Despite the above poll results, in January 2018 the Indigenous Affairs minister (who is not Indigenous) claimed that “no Indigenous Australian has told him the date of Australia Day should be changed other than a single government adviser”. This says more about a politician being out of touch, than it does about the distribution of opinion among Indigenous Australians.

In contrast, Jack Latimore, editor of IndigenousX, the prominent online platform for Indigenous voices, comes to a rather different conclusion.
Based on his extensive experience and engagement with Indigenous Australians from across the social and political spectrum, his conclusion is worth repeating:

When it comes to the subject of 26 January, the overwhelming sentiment among First Nations people is an uneasy blend of melancholy approaching outright grief, of profound despair, of opposition and antipathy, and always of staunch defiance.

The day and date is steeped in the blood of violent dispossession, of attempted genocide, of enduring trauma. And there is a shared understanding that there has been no conclusion of the white colonial project when it comes to the commonwealth’s approach to Indigenous people. We need only express our sentiments regarding any issue that affects us to be quickly reminded of the contempt in which our continued presence and rising voices are held.

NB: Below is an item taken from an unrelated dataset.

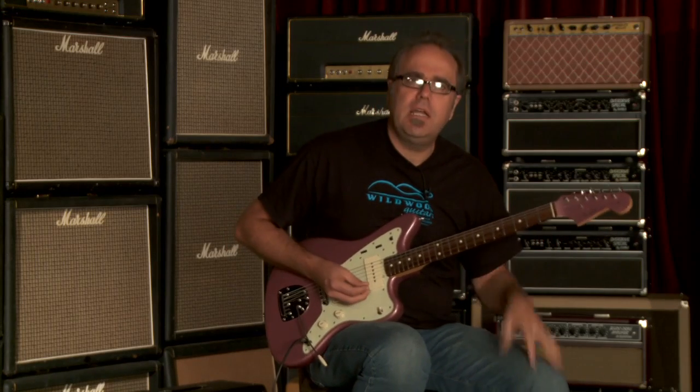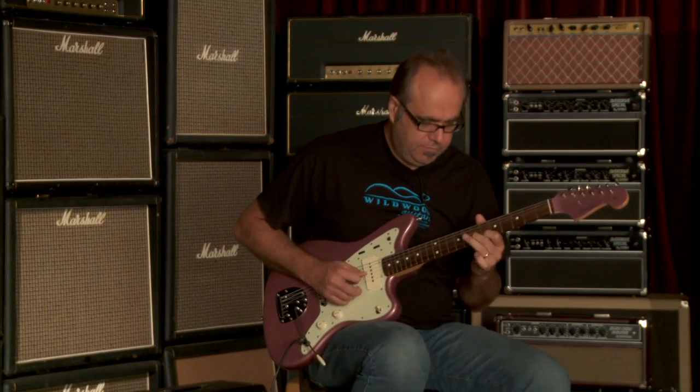There you have it in a nutshell. Let us hear the neck pickup all by its lonesome.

Nor is our sentiment in regards to 26 January a recent phenomenon. I have witnessed it throughout my life in varied intensities. Evidence of it is even present in the recorded histories of White Australia.

Indeed, the long history of Indigenous protest against a January 26 celebration goes back at least to boycotts in 1888, and numerous actions on the 1938 sesquicentenary.

Returning to the present, numerous community leaders and representative bodies have also given their views, many of which are available online. Below are links to some such views; of course there plenty more are easily found.

Changing the date is an obvious, minimal, easy next step on the road to justice for Indigenous Australia. At the very least, maintaining the celebration in its current form is untenable. A minimal step towards respect for Indigenous Australia is to stop dancing on their ancestors’ graves.

Nor is it particularly opposed by the general Australian public. According to a December 2017 poll, most Australians are ignorant of the history of Australia Day, can’t guess what historical event happened on that day, and don’t really mind on what date it is celebrated. Half also think that the national holiday should not be held on a date offensive to Indigenous Australians (even though a plurality wrongly believes that January 26 is not offensive to Indigenous Australians).

As of a January 2017 poll, only 15% of Australians wanted to change the date. That number may well have increased by now, with the momentum of the movement to change the date.

And the survey apparently did not have “it’s not for me to say” as an option for non-Indigenous respondents — reinforcing the standard, annual category error.

I don’t believe in any patriotic holidays. But a patriotic holiday on such a terrible date needs to be moved, rebuilt, or abolished.